# Apache Spark - A Unified engine for large-scale data analytics

Apache Spark is a unified analytics engine for large-scale data processing. It provides high-level APIs in Java, Scala, Python and R, and an optimized engine that supports general execution graphs. It also supports a rich set of higher-level tool
s including Spark SQL for SQL and structured data processing, pandas API on Spark for pandas workloads, MLlib for machine learning, GraphX for graph processing, and Structured Streaming for incremental computation and stream processing

# Spark DataFrames

A DataFrame is conceptually equivalent to a table in a relational database or a data frame in R/Python, but with richer optimizations under the hood. DataFrames can be constructed from a wide array of sources such as: structured data files, tables in Hive, external databases, or existing RDDs. 

# findspark

- findspark is a Python library that helps you configure your Python environment to use PySpark. 
- It automatically sets the necessary environment variables like SPARK_HOME and JAVA_HOME, which are crucial for PySpark to locate the Spark installation and Java runtime. 
- It acts as a bridge between your Python environment and the Apache Spark installation, making it a convenient tool for working with PySpark in Jupyter Notebook.

In [1]:
pip install findspark

Note: you may need to restart the kernel to use updated packages.


In [2]:
import findspark
findspark.init()

# Starting Point: SparkSession

In [3]:
from pyspark.sql import SparkSession

spark = SparkSession \
    .builder \
    .appName("ZikSpark") \
    .master("local[*]") \
    .getOrCreate()

# Pre-requisite: 2023 Yellow Taxi Trip Data

[Yellow Taxi](data/yellow-taxi) is a large dataset that can be used to effectively demonstrate various Spark features. It is 3.51 GB with 38310226 rows.
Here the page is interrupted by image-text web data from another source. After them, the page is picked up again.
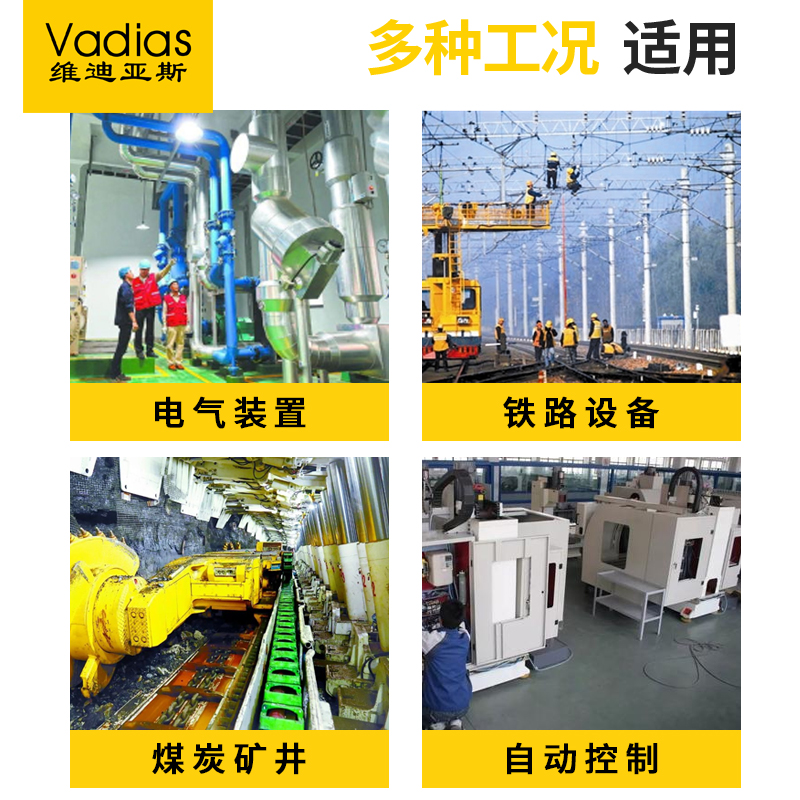 交流电流变送器模块霍尔直流三相穿孔电量传感器0-5A转电压4-20mA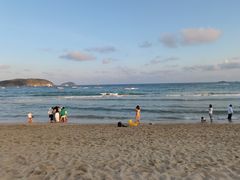 -三亚亚龙湾金棕榈度假酒店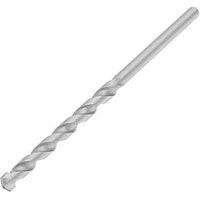 DeWalt Straight Shank Masonry Drill Bit 6mm x 100mm (3430X)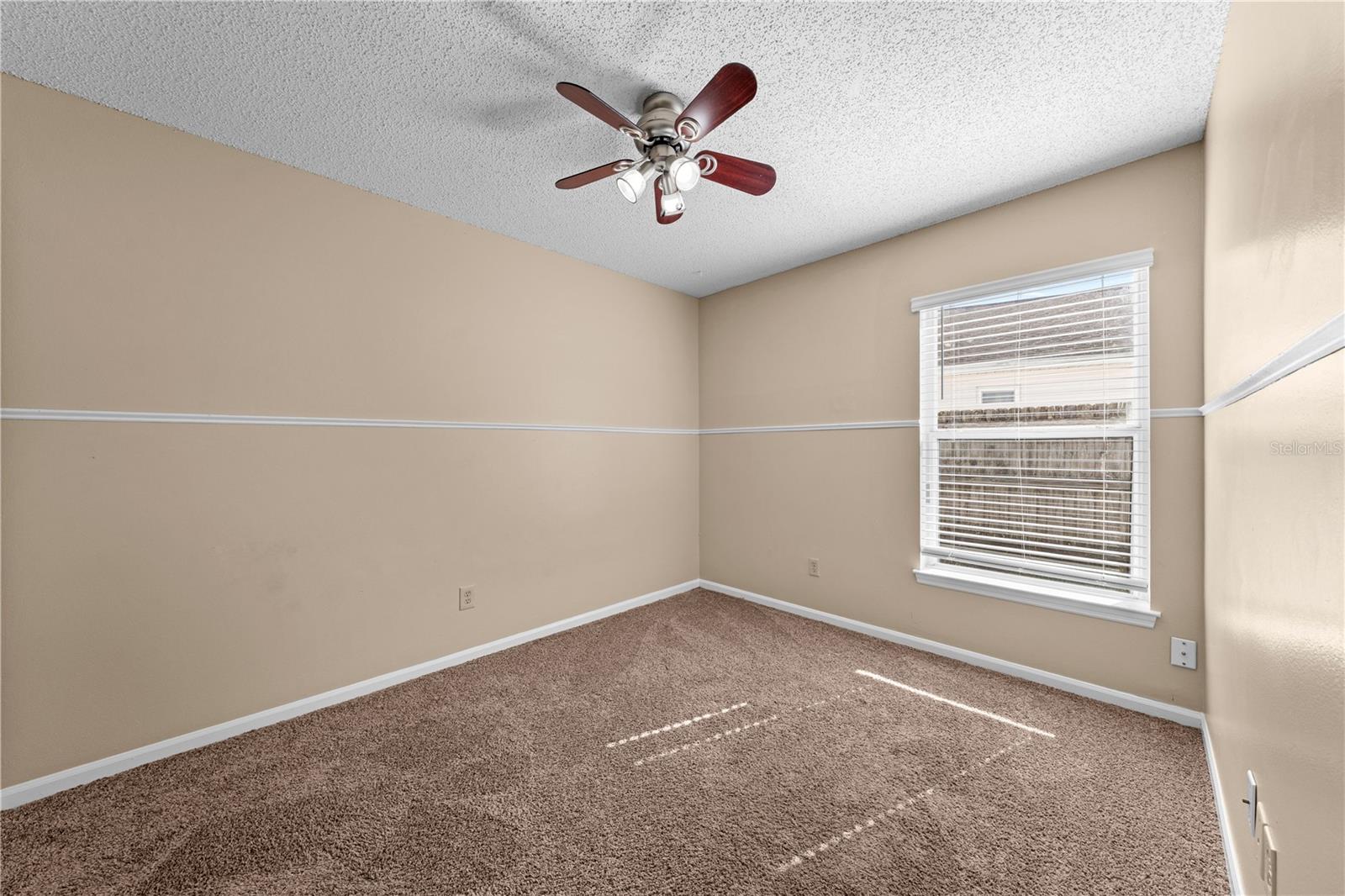 408 Lancers Dr Property Photo 35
Data file cannot be version controlled in Github due to siz limitations. As a pre-requisite, the dataset should be downloaded and placed locally. Refer the [README](data/yellow-taxi/README.md) file.

In [4]:
rawdata_df = spark.read.format("csv") \
    .option("header", "true") \
    .option("inferSchema", "true") \
    .load("data\\yellow-taxi\\2023_Yellow_Taxi_Trip_Data_20240909.csv")

rawdata_df.show(5)

+--------+--------------------+---------------------+---------------+-------------+----------+------------------+------------+------------+------------+-----------+-----+-------+----------+------------+---------------------+------------+--------------------+-----------+
|VendorID|tpep_pickup_datetime|tpep_dropoff_datetime|passenger_count|trip_distance|RatecodeID|store_and_fwd_flag|PULocationID|DOLocationID|payment_type|fare_amount|extra|mta_tax|tip_amount|tolls_amount|improvement_surcharge|total_amount|congestion_surcharge|airport_fee|
+--------+--------------------+---------------------+---------------+-------------+----------+------------------+------------+------------+------------+-----------+-----+-------+----------+------------+---------------------+------------+--------------------+-----------+
|       2|01/01/2023 12:32:...| 01/01/2023 12:40:...|              1|         0.97|         1|                 N|         161|         141|           2|        9.3|  1.0|    0.5|       0.